### [Your instructions]
Starting at the line containing "Light Rays and" and ending at the line containing "Geldbaum In Schale Topf-Ø Ca. 26 Cm Crassula", transcribe the listing below exactly. Keep both end lines, skip the pictures, and copy nothing else.

### [Provided records]
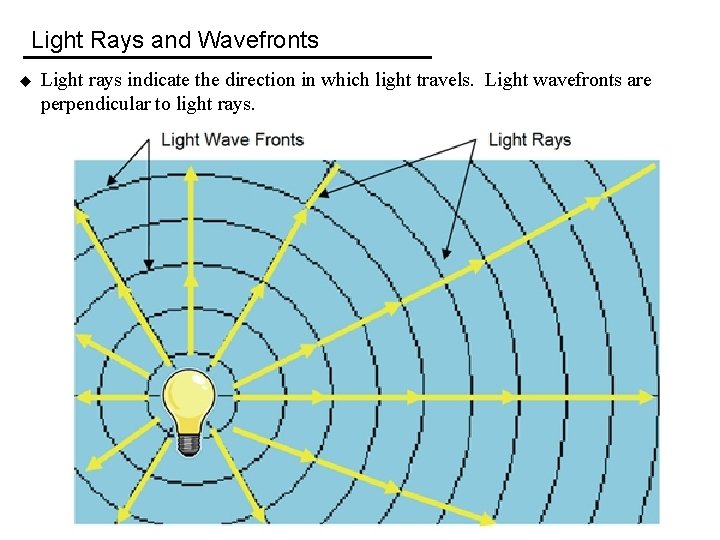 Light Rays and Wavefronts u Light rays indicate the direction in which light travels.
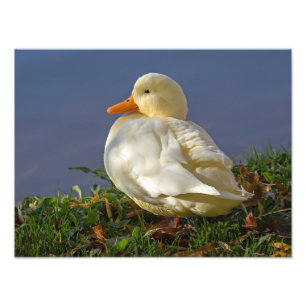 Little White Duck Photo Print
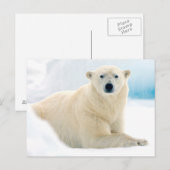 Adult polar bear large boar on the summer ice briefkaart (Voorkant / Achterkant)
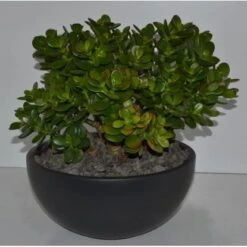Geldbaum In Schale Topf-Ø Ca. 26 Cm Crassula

---

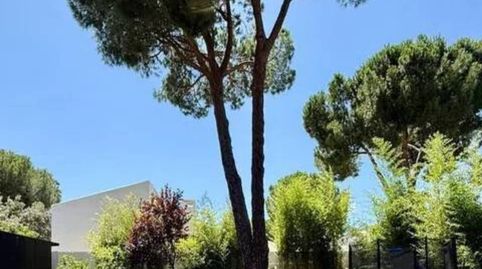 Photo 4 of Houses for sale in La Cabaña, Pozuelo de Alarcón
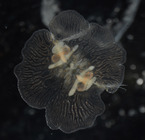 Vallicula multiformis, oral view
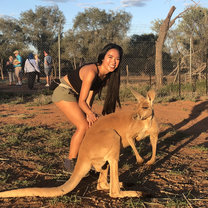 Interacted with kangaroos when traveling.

### [Task output]
 Light Rays and Wavefronts u Light rays indicate the direction in which light travels.
 Little White Duck Photo Print
 Adult polar bear large boar on the summer ice briefkaart (Voorkant / Achterkant)
Geldbaum In Schale Topf-Ø Ca. 26 Cm Crassula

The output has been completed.